In November 2014, I flew to Iceland with four friends to the Iceland Airwaves music festival. After the second worst Halloween ever and a good six months into my first full-time job after graduating, the trip came at the perfect time. The cement walls of the Keflavík airport welcomingly echoed back my footsteps as I sleep-stumbled after my friends whose strides were much longer than mine. Swiftly and silently, the second I left the cold, gray structure and planted my feet into Icelandic soil, the huldufólk grabbed hold of me and I became theirs forever.
Huldufólk roam free and protect their mystical terrain — a lumpy place, as I discovered when I walked through a field of mossy volcanic rock. Their home is a land of fire and ice, of thermal hot springs and glassy glacier lakes, of serpentine lights slithering in the sky and Garðar basalt columns rooted in the black sand of Reynisfjara.

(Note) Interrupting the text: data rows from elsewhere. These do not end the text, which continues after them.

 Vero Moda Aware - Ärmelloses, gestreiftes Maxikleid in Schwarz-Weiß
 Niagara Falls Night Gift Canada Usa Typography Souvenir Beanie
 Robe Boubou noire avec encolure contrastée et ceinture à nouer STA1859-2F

Their magic is strong. It has, admittedly, been two years since I’ve been there, but I have no tainted recollections of my travels there. They’ve taken hold of my imagination, kept my memories from getting dusty, and illuminated even the dark, slippery streets of Reykjavík.
In Iceland, the huldufólk reconnected me with God by entering my dreams and reminding me that I am His child. They introduced in me a desire to raise sheep by sending a herd (way past their shearing date) to bounce past our hostel, knowing that I would laugh too hard at the sight. They were with me as I discovered new musicians: Ásgeir, Moses Sumney, Kaleo, Snorri Helgason, Phox, Sin Fang, Ezra Furman, Júníus Meyvant, Low Roar and so many more. They supplied the magic I felt when my friends and I skipped The Flaming Lips to play MASH all night long. (That’s probably the touchiest subject of the whole trip. We all live with regrets sometimes. But, MASH was magical in the moment. And the band was on our flight home to Denver.)

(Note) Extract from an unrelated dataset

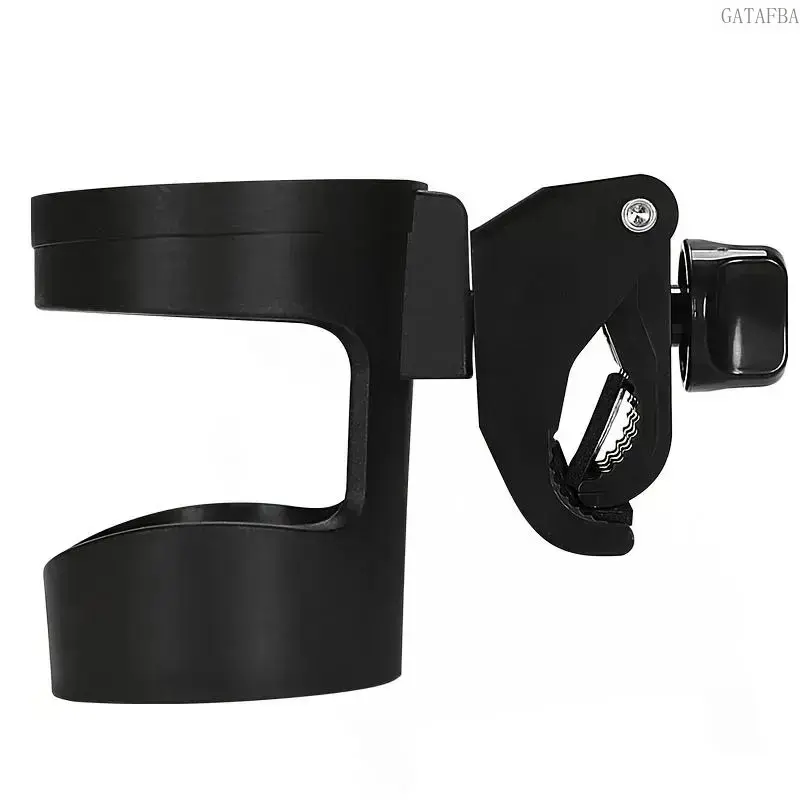 360 Degree Rotatable Lockable Cup Holder Bracket, Large Capacity Anti Slip Drink Storage Organizer, Portable Stroller Handle Mount Accessory for Baby Bottle Outdoor Walking Sports Daily Travel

I wish I could pin down a favorite memory, but I really can’t. Every time I start to write about the shark museum with the family church, memories of eating fermented shark comes to my mind (and burns my throat). Or if I begin on my experience bathing in the Blue Lagoon, I remember spending at least 15 minutes detangling my friend’s hair. Or I think of the odd crunchiness of those hot dogs. Or the warmth of the Icelandic people who welcomed us to church. Or the emotions I felt when I was in line for Caribou. Or the boys who asked me if I had “schwag” (drugs?). Or the cold of my body, but the warmth of my soul surrounded by people I love. So much to show you.
So, I guess, you’ll just have to meet the huldufólk yourself and experience Iceland with them. And within you, like they have within me, the huldufólk will plant the heart of their home. The active rumblings of the earth and the volcanoes will mirror the restlessness in you. And when you leave, you'll only find that you only want to go back.